### Try it
Word for word, reproduce all entries below, leaving every picture out.

### Provided data

[Start of section]

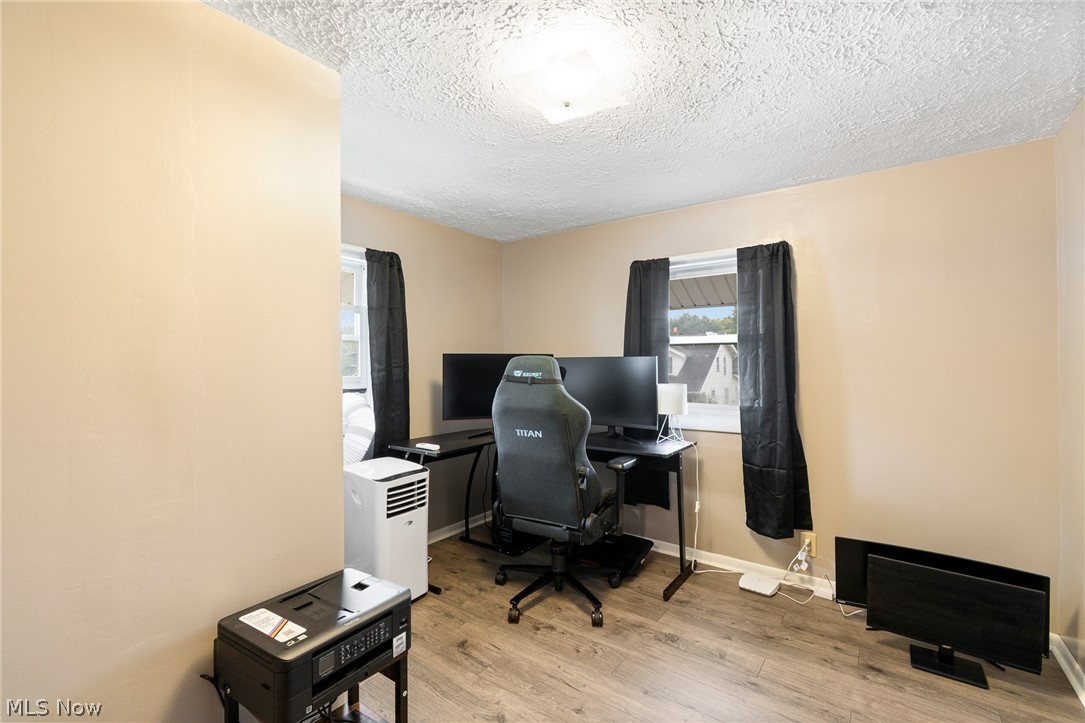 664 W Oregon Avenue Sebring OH 44672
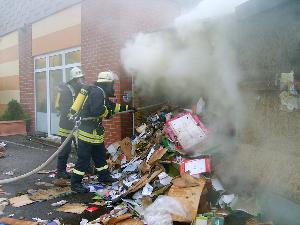 Bild: Ablöschen des Inhaltes nach dem Öffnen des Containers unter Atemschutz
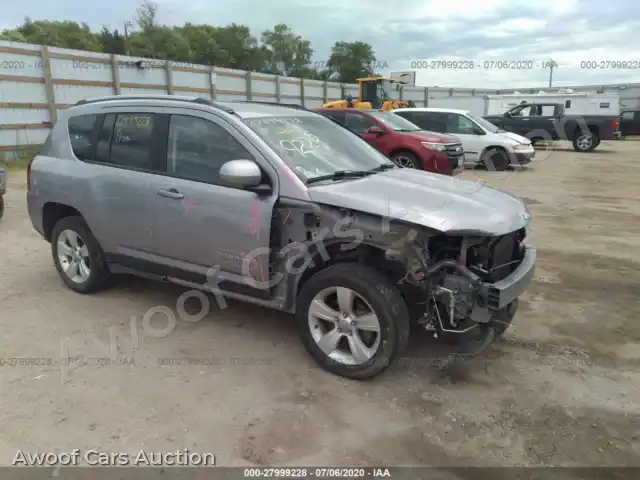 2016 Jeep Compass 1C4NJDEB5GD588209 — Iaai auction photo 1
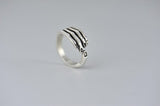 Vintage Skeleton Skull Palm Hand Ring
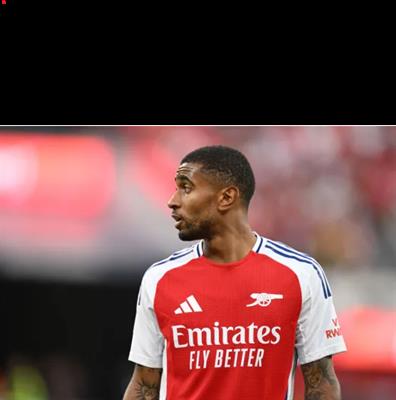 Arsenal chỉ mua thêm cầu thủ chạy cánh với một điều kiện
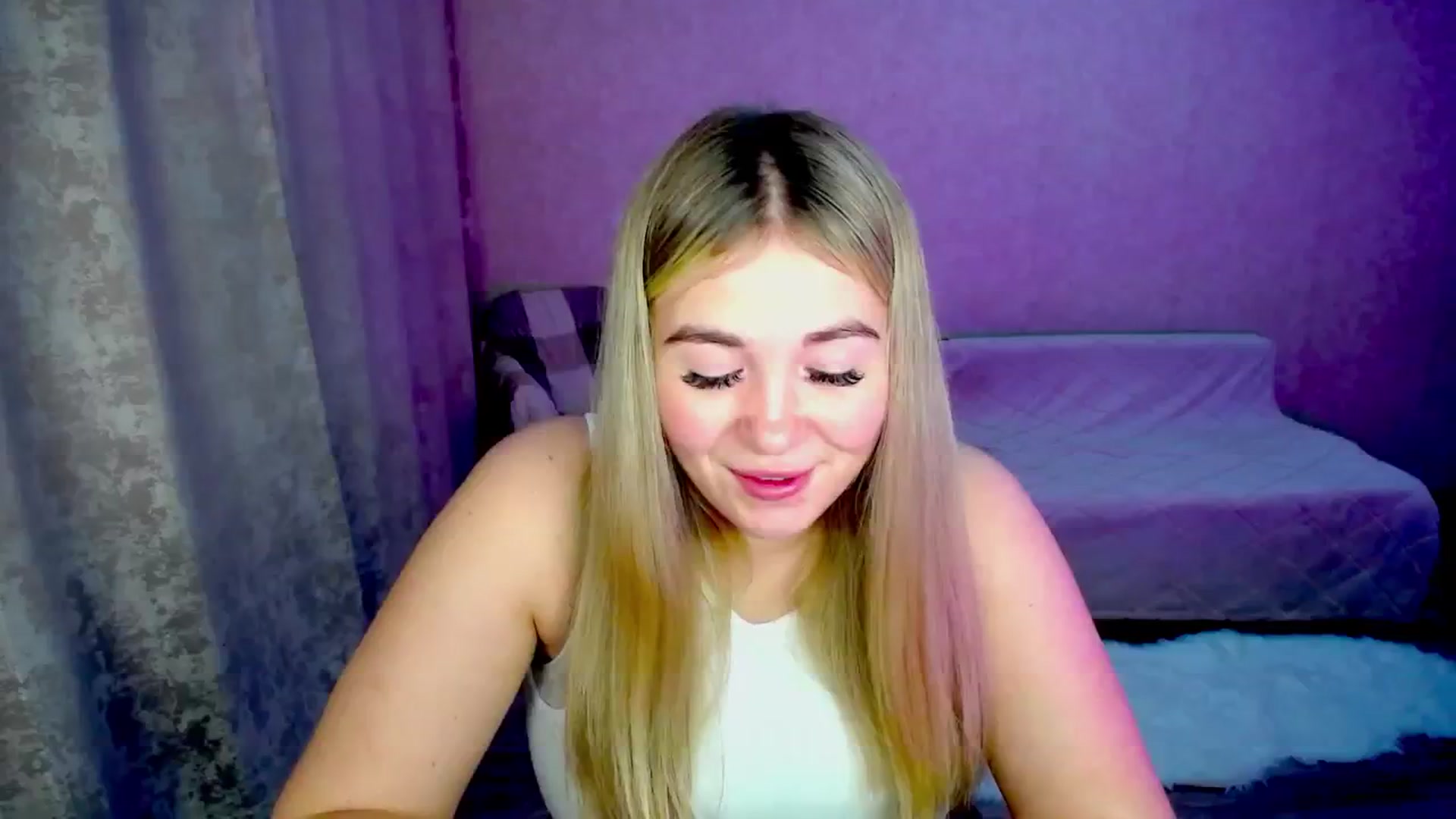 Gallery image thumbnail from WishJot's myfreecams stream on, 08/22/2024, 20:50 image 4 of 20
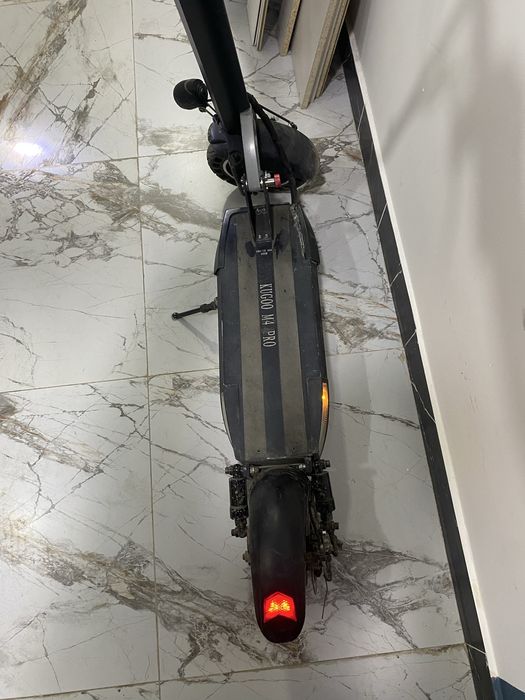 Электросамокат Kugo M4 Pro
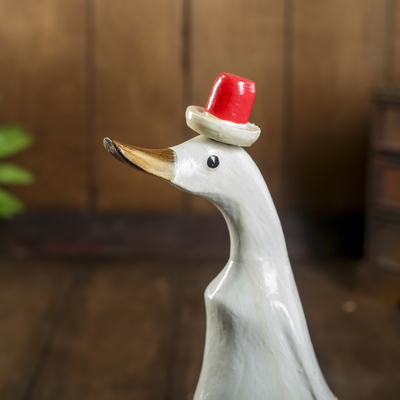 Сувенир «Утка в новогоднем колпаке», 13×9×27 см, дерево
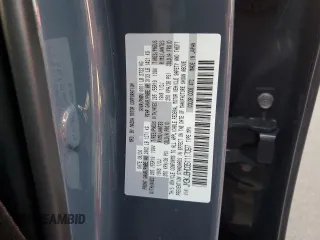2025 Mazda CX-70 Preferred z VIN JM3KJBHD3S1117097, wystawiony jako Copart lot #81769204 z przebiegiem Nie podano mil oraz Szkody całkowita. Historia ofert i sprzedaży dostępna na DreamBid. Obrazek 13.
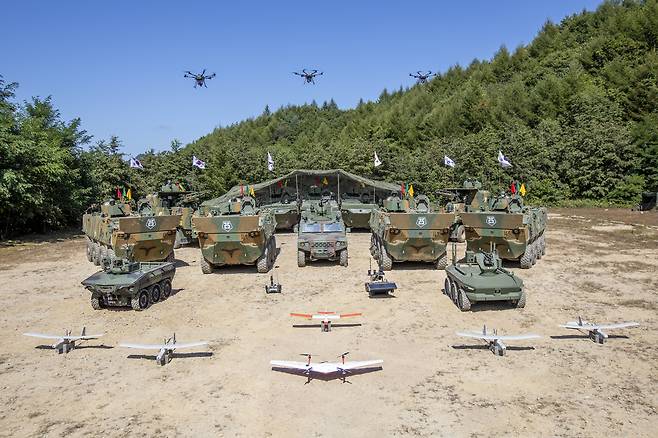 The Army unveils latest weapons – drones, robots and armored fighting vehicles – it has developed to test a new combat system that will guide its entire operations as early as 2040. (South Korea's Army)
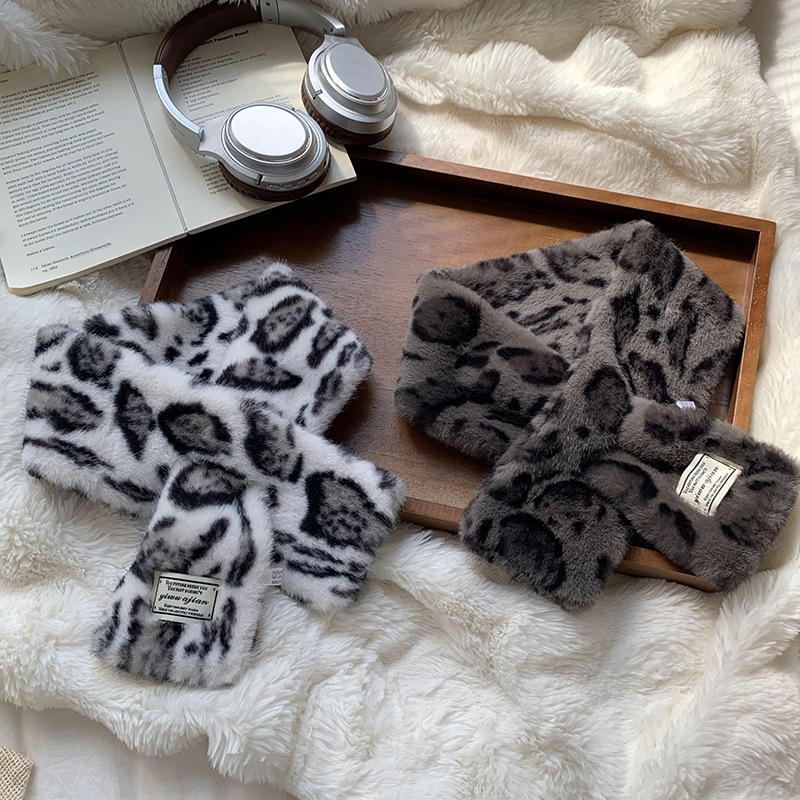 Collar de invierno caliente 2025 nuevo estilo de alta calidad estampado de leopardo engrosado collar de pelusa bufandas al por mayor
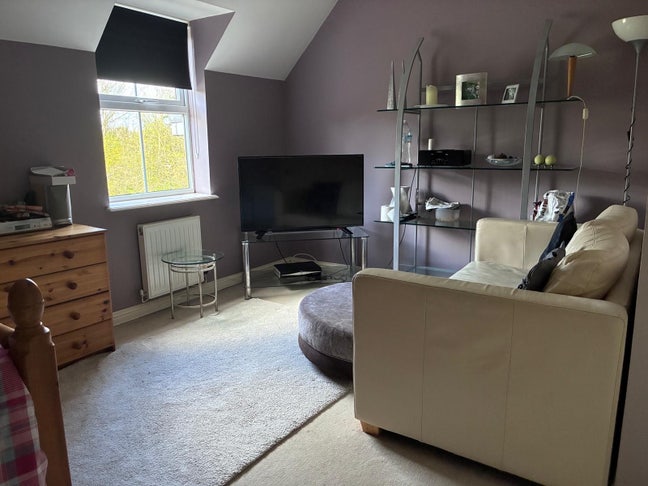 Double Room in a clean professional 3 Storey House Main Photo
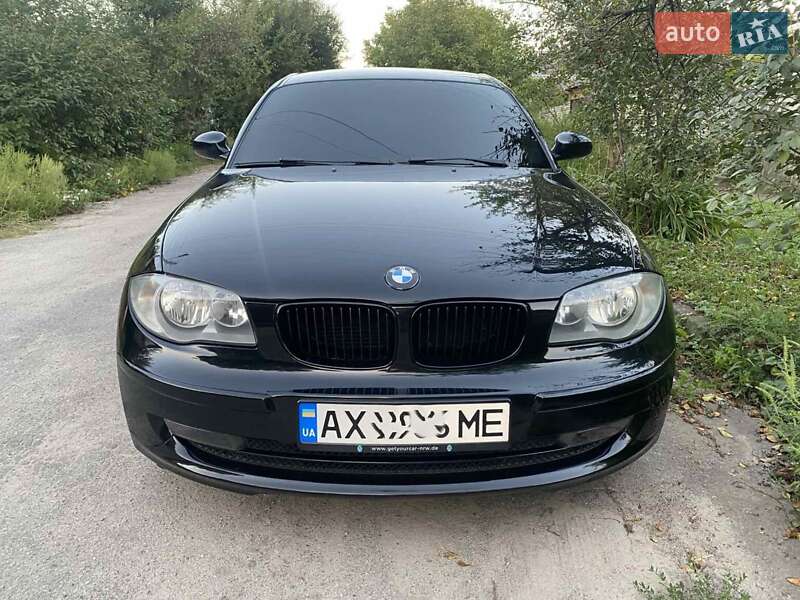 Хетчбек BMW 1 Series 2008 в Харкові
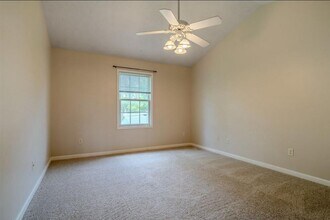 1114 Doral Dr in Bloomington, IL - Building Photo - Building Photo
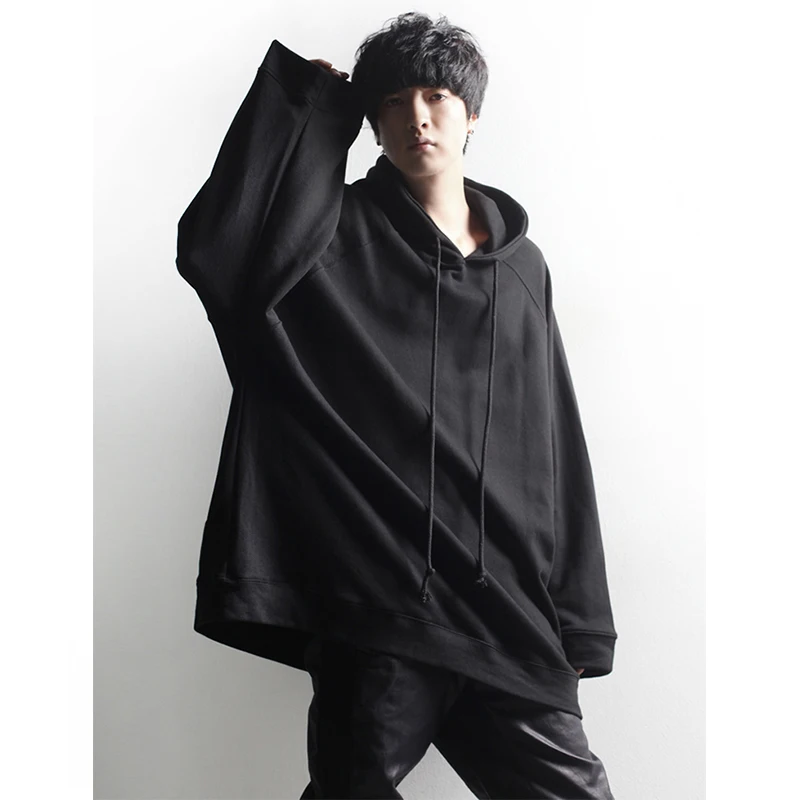 Мужская куртка с капюшоном длинным рукавом в простом японском стиле на осень и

[End of section]

### Exercise solution
 664 W Oregon Avenue Sebring OH 44672
 Bild: Ablöschen des Inhaltes nach dem Öffnen des Containers unter Atemschutz
 2016 Jeep Compass 1C4NJDEB5GD588209 — Iaai auction photo 1
 Vintage Skeleton Skull Palm Hand Ring
 Arsenal chỉ mua thêm cầu thủ chạy cánh với một điều kiện
 Gallery image thumbnail from WishJot's myfreecams stream on, 08/22/2024, 20:50 image 4 of 20
 Электросамокат Kugo M4 Pro
 Сувенир «Утка в новогоднем колпаке», 13×9×27 см, дерево
2025 Mazda CX-70 Preferred z VIN JM3KJBHD3S1117097, wystawiony jako Copart lot #81769204 z przebiegiem Nie podano mil oraz Szkody całkowita. Historia ofert i sprzedaży dostępna na DreamBid. Obrazek 13.
 The Army unveils latest weapons – drones, robots and armored fighting vehicles – it has developed to test a new combat system that will guide its entire operations as early as 2040. (South Korea's Army)
 Collar de invierno caliente 2025 nuevo estilo de alta calidad estampado de leopardo engrosado collar de pelusa bufandas al por mayor
 Double Room in a clean professional 3 Storey House Main Photo
 Хетчбек BMW 1 Series 2008 в Харкові
 1114 Doral Dr in Bloomington, IL - Building Photo - Building Photo
 Мужская куртка с капюшоном длинным рукавом в простом японском стиле на осень и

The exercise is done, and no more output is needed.